Troops of Operation Lafia Dole displayed vital insignias of the Boko Haram group, including the flag of its leader, Abubakar Shekau, as spoils of war to an impressed audience on national television. Many Nigerians, led by President Muhammadu Buhari, have since expressed their relief and praised the gallantry of the Nigerian military. About 1,240 suspected associates and members of the dreaded sect captured in the forest were paraded before the people. They are made up of 413 men, 323 women, 251 male children and 253 female children.
We salute the Nigerian military on this remarkable success and call for even greater vigilance to maintain the hold on the forest. The military and, indeed, Nigerians in all parts of the country must remain watchful to ensure that the insurgents who escaped from the Sambisa fortress do not infiltrate civil society or build another stronghold to continue their nefarious activities. The fleeing remnants of the sect are likely to take cover in other parts of the country. The recent arrest of one of the dispersed insurgents in Ikorodu, Lagos State, and another in the Federal Capital Territory, Abuja, indicates that nowhere is immune to infiltration by the sect members. The implication of this is that we must all remain vigilant. As it is said, the price for peace is eternal vigilance.

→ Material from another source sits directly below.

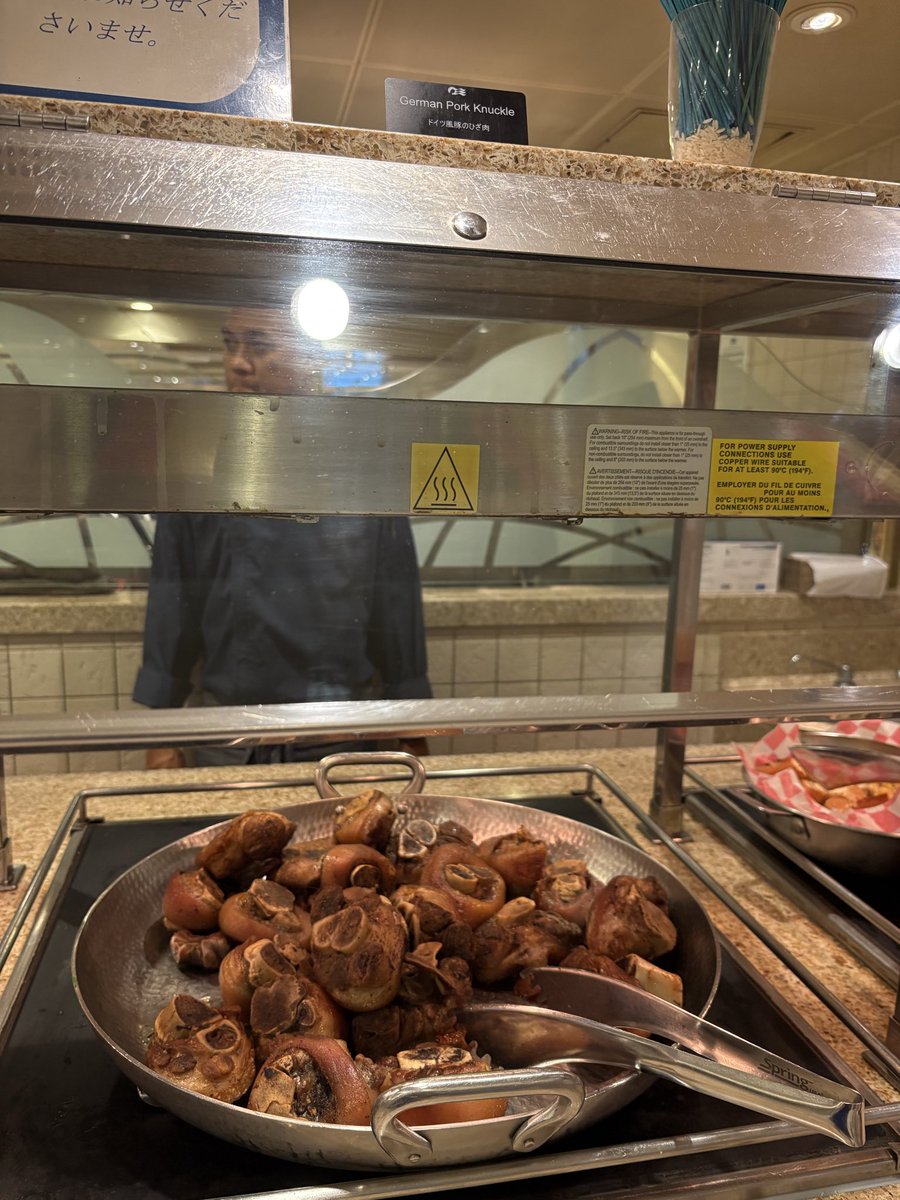 Miyuki1125's tweet photo. 今日のディナー 珍しく前菜2品 初のブルーベリーコブラー美味しかった ごはん前たまたま通ったビュッフェはドイツ特集 大大大好きなPorkKnackle がある‼️ 夕食後に行こうとも思ったけど行けなかった 夢に出て来そう
#ダイヤモンドプリンセス
#クルーズ
#M618 https://t.co/1de6ibmC3N
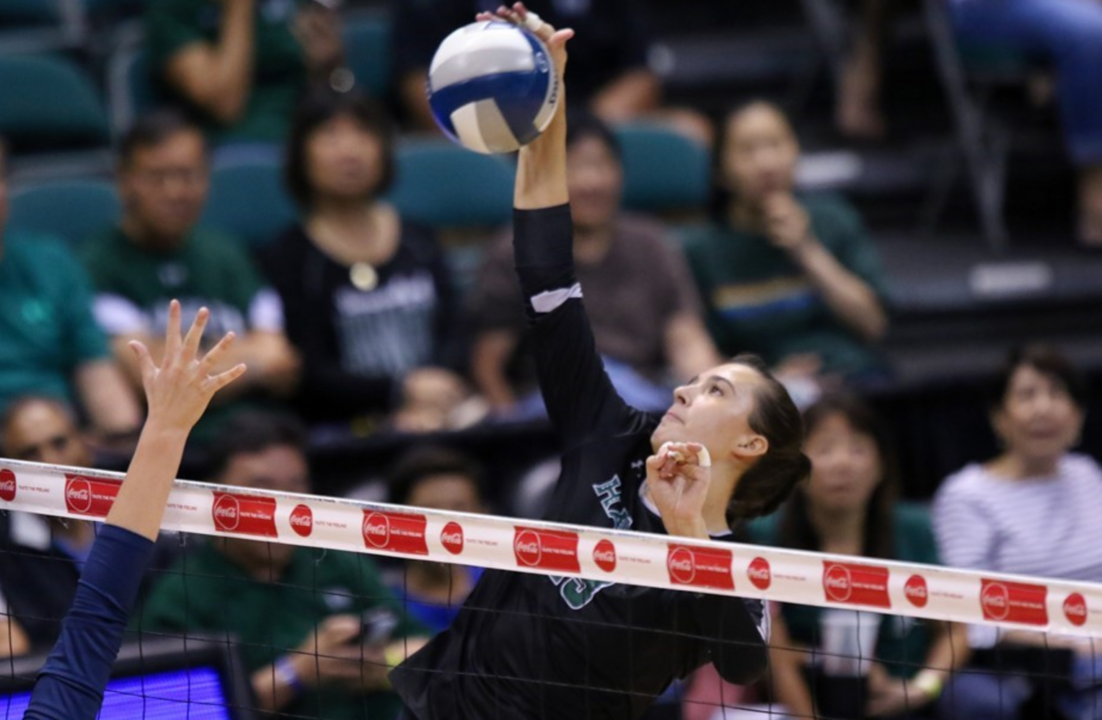 Hawaii Remains Undefeated in Conference with Sweep of UC Davis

This is certainly not the time for us to be complacent, thinking that the war against Boko Haram has been won. We are still far from that milestone. The war that the insurgents are waging against Nigeria is of the asymmetrical kind. It is one that is long drawn and fought with unconventional weapons and methods. It is also a war in which the enemy hardly ever surrenders, preferring to continue launching sporadic attacks on soft targets for as long as it can. It will, therefore, be naive for the Nigerian government and the military to drop their guards, or think that the end of the war is here already.
The insurgents are likely to be all out to prove that they are still capable of causing mass harm and misery. So, we must be at alert and ready to stop them. All security measures that have helped the country so far in the many successes it has recorded against the insurgency should be sustained. The government must continue to prioritise the welfare of the military and its collaborators in the war against this insurgency. It must also ensure that all the measures required for their continued motivation and war-effectiveness are taken.
In this wise, the para-military services, civilian JTF and the generality of the public have key roles to play. The Customs and Immigration services must heighten their surveillance of our numerous porous borders to ensure that fleeing elements of the insurgency, or new recruits, do not gain entry into the country. Citizens are called upon, too, to display the highest form of patriotism and show total commitment by ensuring that all new arrivals and suspicious movements around their homesteads and neigbourhoods are reported to the security agencies. We have lost too many valuable lives and assets to the insurgency and we cannot afford to lose more.
President Buhari once said that the war against Boko Haram cannot be said to have been won when all the Chibok girls are not yet found. He is right on that score. We are proud of the military for its achievements so far, especially the recovery of about 24 of the girls from the insurgents in the last three months. We call for the intensification of efforts in this regard so that a final closure can be brought to this festering national sore. Some 197 of the Chibok schoolgirls are yet to be accounted for. The nation must find them by all means.
We are glad that the military is ever mindful of this challenge. Getting the girls back and winning the war against Boko Haram are critical assignments that the current administration must undertake. There should be no looking back until both objectives are achieved.